Felipe Guaman Poma de Ayala retells the history of Inca lifestyle and government in the context of its relation to Christianity in the first half of “The First New Chronicle and Good Government”. He comes from a background of both Indigenous ancestry and Catholicism, meaning that a lot of the information he provides is soaked in a Catholic lens. As much as he dives into the historical aspect of Inca life and government, it is overshadowed by a view of it as inherently religious in a Catholic way. For example, when he discusses Indigenous rulers of what is now Peru having descended from Adam, it is a comparison of the two ways that he knows, Indigenous and Catholic at the same time.
This is interesting as it is his conjoined view of Catholic and Indigenous history coexisting at the same time. In this way, he could be considered an unreliable narrator for this subject. At the same time, his two opposing backgrounds provide a book which has been studied dutifully for many centuries afterwards. It is noted by many who have studied it that a lot of the facts are not entirely accurate. For example, he writes of the conflict between Wascar Inca and Atawalpa Inca as lasting 36 years, when in fact it was less than five. Is this meant to portray the Inca as more combative, or is it simply a mistake of memory? These questions will perhaps always remain unanswerable, but in analyzing them we can ask how and why these mistakes were made, and how his cultural background may have influenced them.

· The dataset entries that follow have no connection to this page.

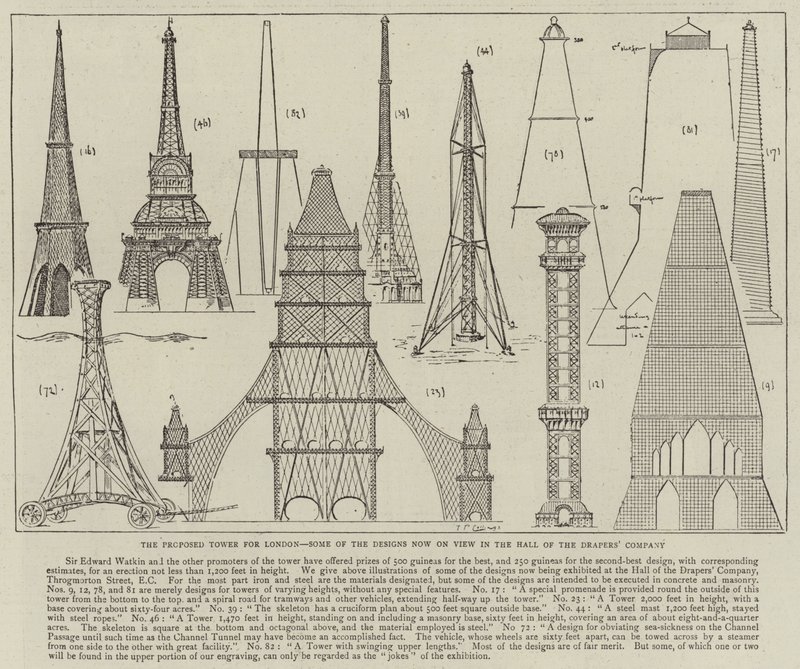 البرج المقترح للندن ، بعض التصاميم معروضة الآن في Hall of the Drapers 'Company (نقش) بواسطة مدرسة اللغة الإنجليزية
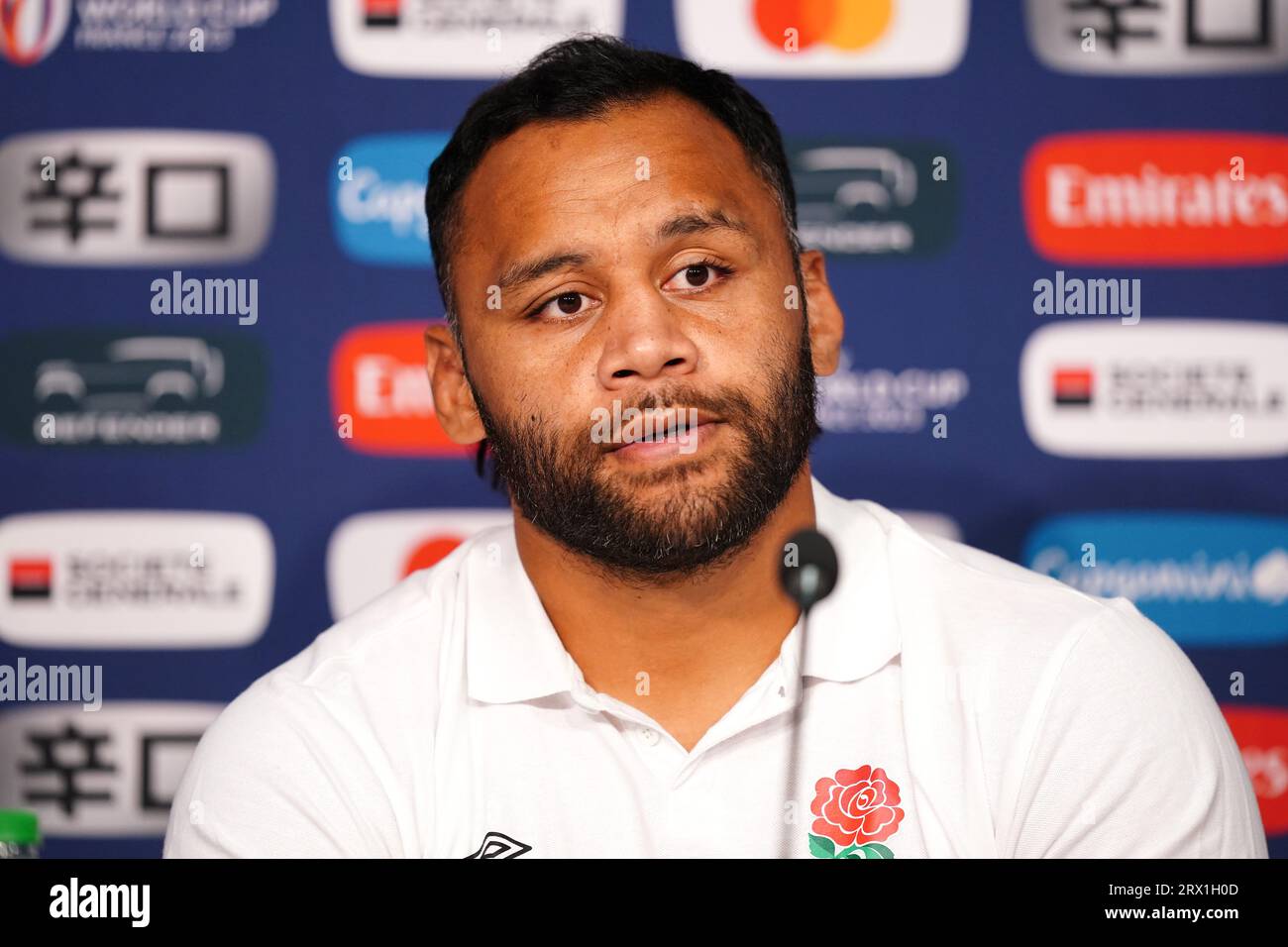 England's Billy Vunipola during a press conference at the Stade Pierre Mauroy, Villeneuve-d'Ascq. Picture date: Friday September 22, 2023. Stock Photo
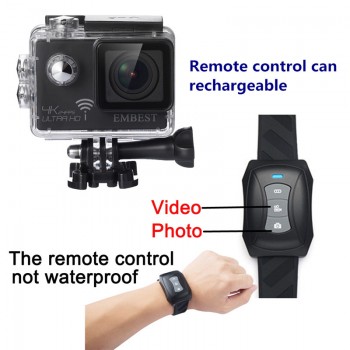 EMBEST Original Remote Action Camera EM61R / EM61 Ultra 4K Wifi  Video Camera 170 Degree Lens Cam go waterproof pro camera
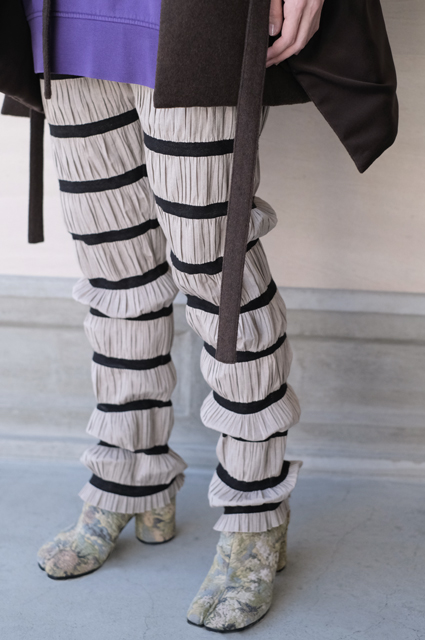 pelleq Shirring striped trousers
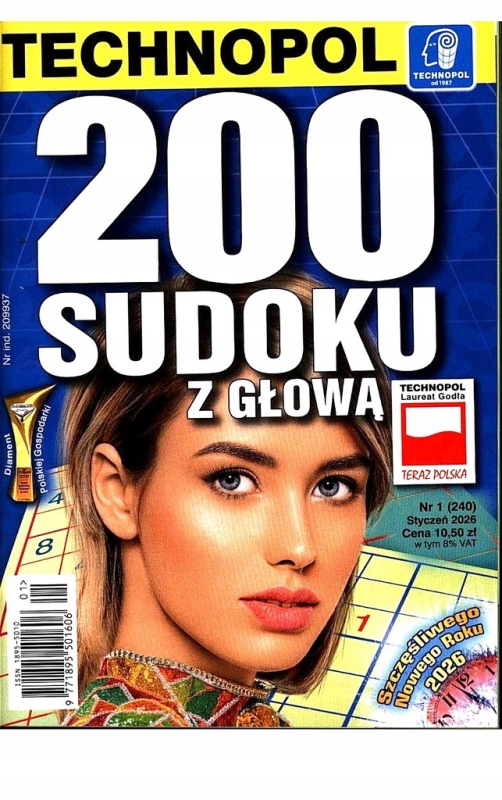 1/2026 200 SUDOKU Z GŁOWĄ KRZYŻÓWKI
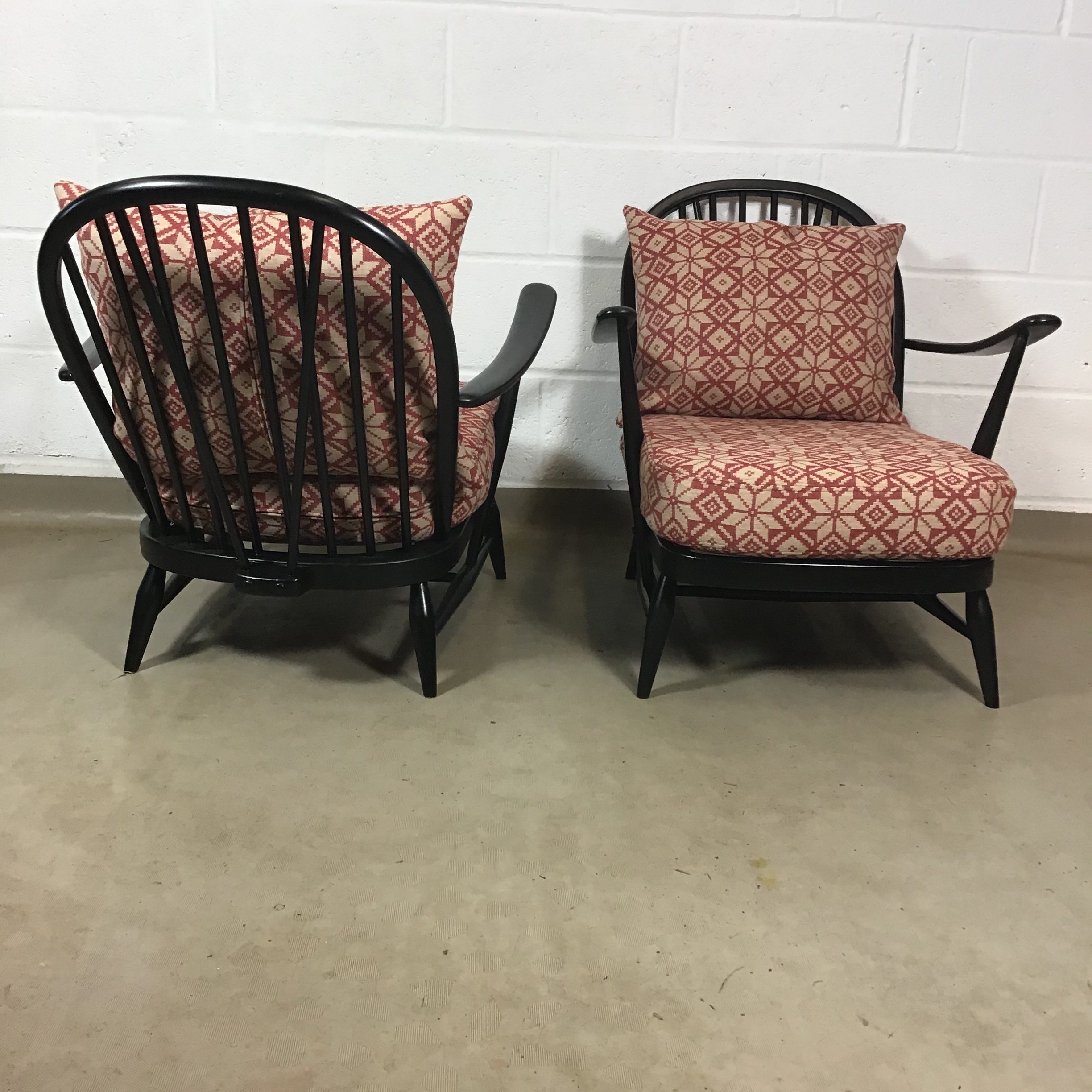 Ercol 203 armchairs, in Abraham Moon wool chalet fabric (one remaining) - Image 5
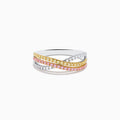 The Trio 18K Gold Pink, Yellow, and White Diamond Criss Cross Ring showcases three intertwined rows with pink, yellow, and white diamonds and elegant details, all set against a white background.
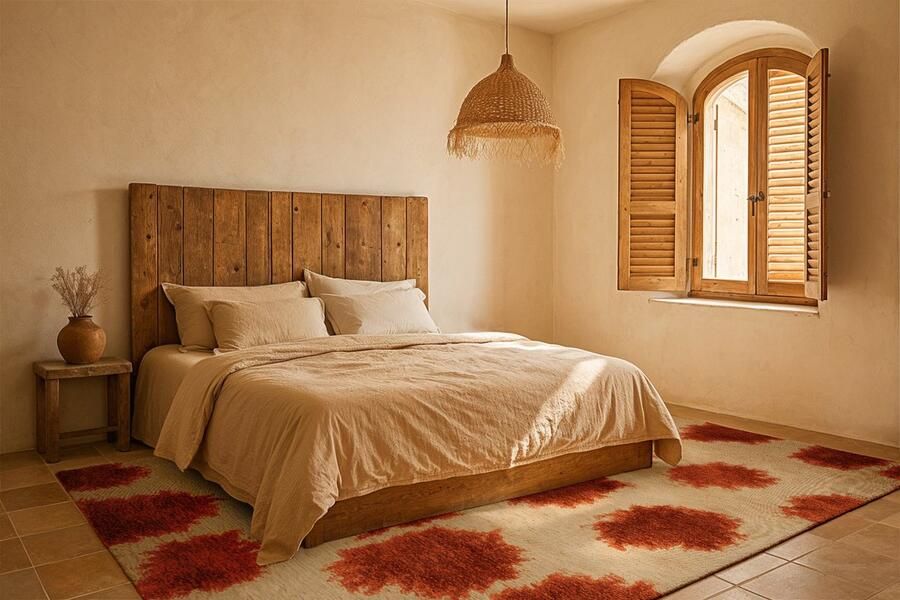 Beneffito Paintball oranje en rood structuurpatroon hedendaags abstract vloerkleed Tapijt 140 x 200 cm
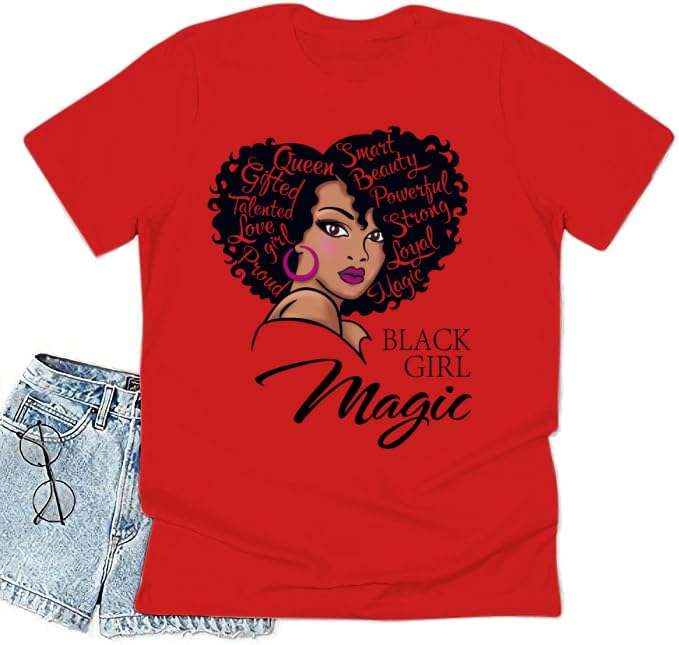 Black History Graphic tees Plus Size Women Tops Magic Fashion Afro American Natural Hair Vintage Melanin T-Shirts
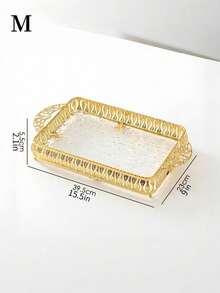 1pc/1set Middle Eastern Style Modern Elegant Large Trays, RectangularDecorative Trays -Multipurpose, Non-Tarnish, Metal Alloy, RectangularServing Trays For Coffee & Beverages, Gold - Gold - View 7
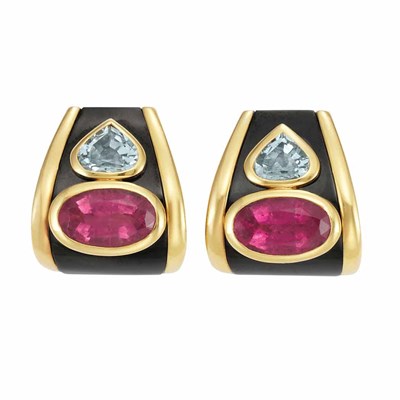 Lot 13 - Pair of Gold, Pink Tourmaline, Blue Topaz and Black Onyx Earrings, Marina B, France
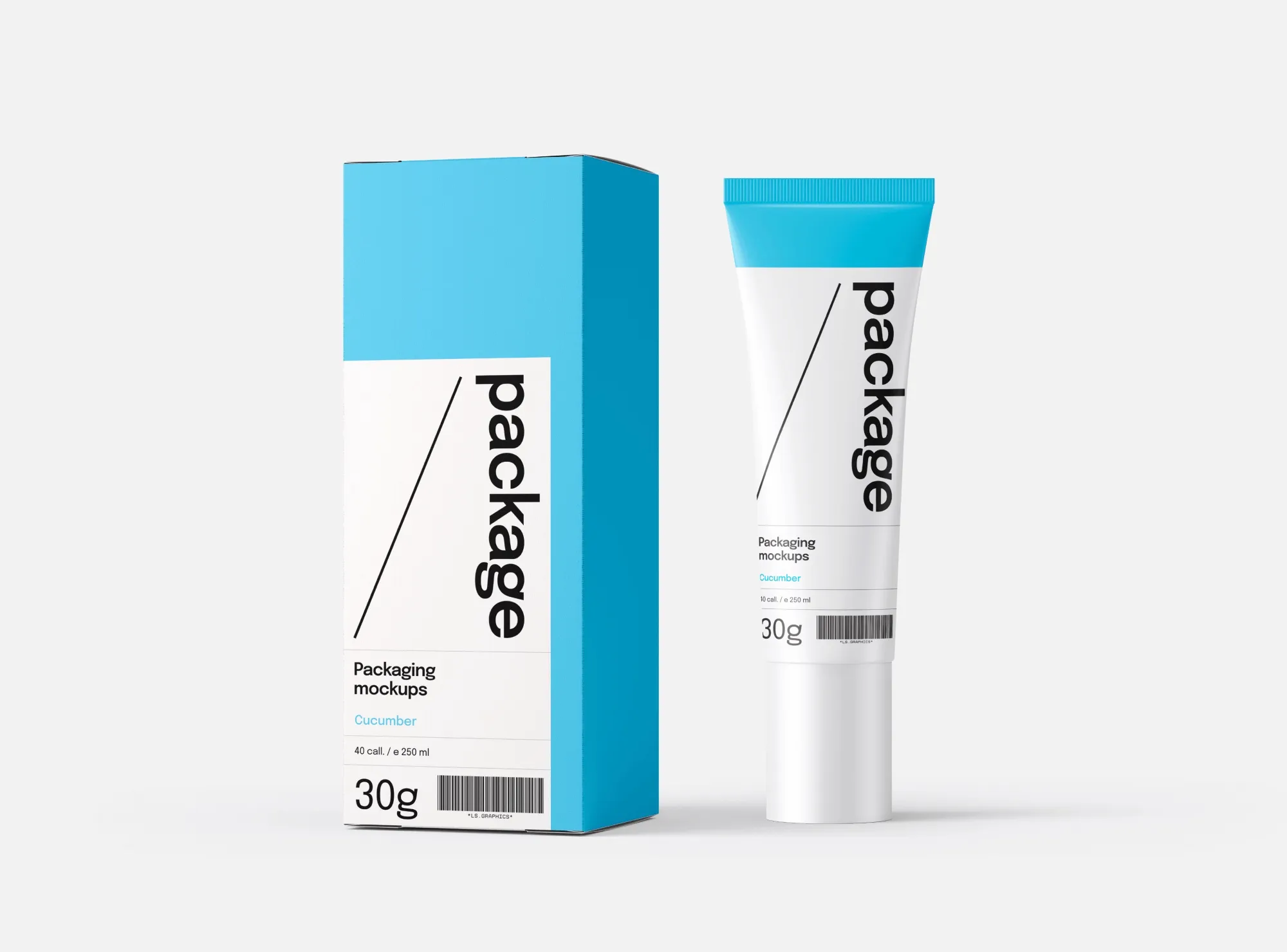 Free Cosmetic Box and Tube Mockup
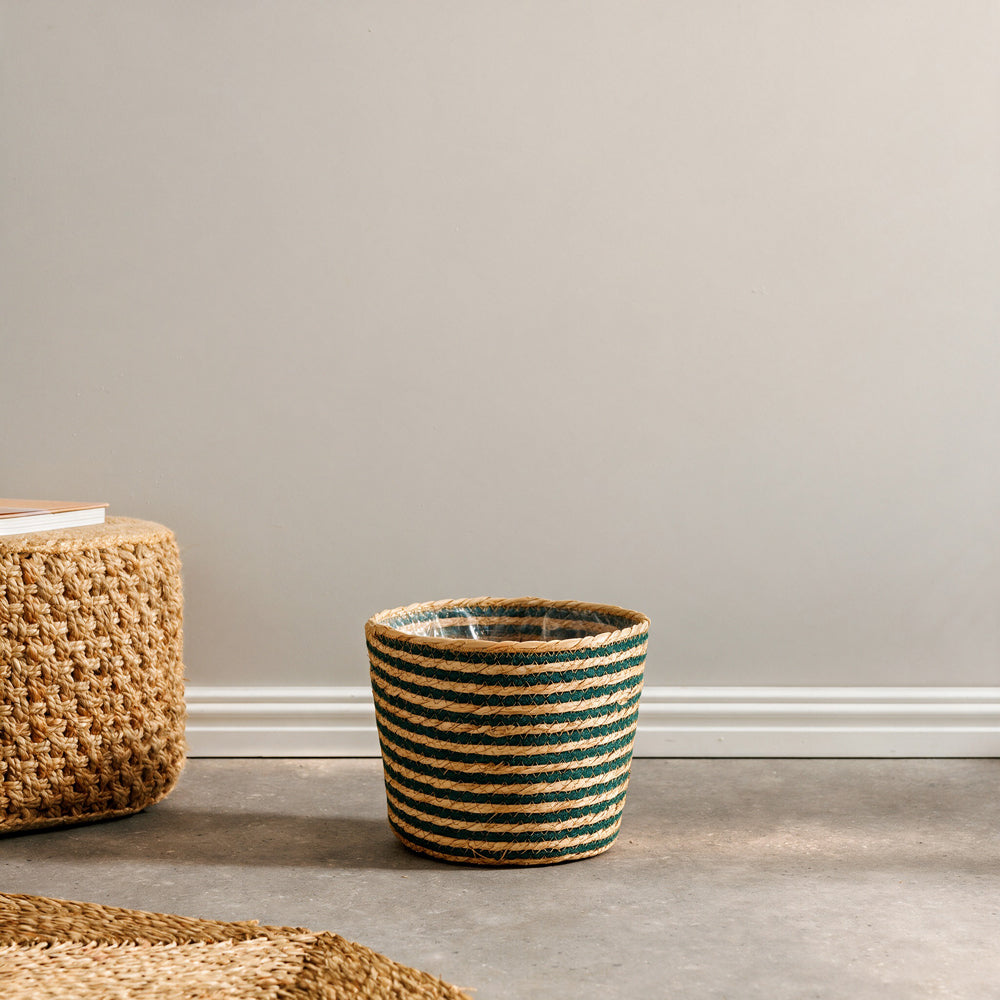 Home.life Bulrush Cotton Lined Planter Forest Green-Planters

Something else to keep in mind is the audience of the book, which he starts by addressing “Good Christians” and declaring that his writing is a service to his god. By addressing the Christians, the audience is set, and it influences a lot of the choices in length and form of description for Catholic circumstances—e.g., the first generation—and Indigenous circumstances, like the fifth age of Indians. What exactly is this book then? It may a tutorial manual for Christians, as well as a source of education, but it is a faulty one. The lessons are only partially formed, full of errors and biased opinions. How well does it really describe the Inca world in the so-called, “fifth age”?
What I suppose I’m asking, in a roundabout way, is how does this book function as a voice for Indigenous culture when the author is writing it with a skewed pen? While he is criticizing the Spanish colonial process, he is the number one advertisement for Catholic conversion. No matter how he believes he may be telling his truth, it does not translate to the unbiased, historical background that he may have intended.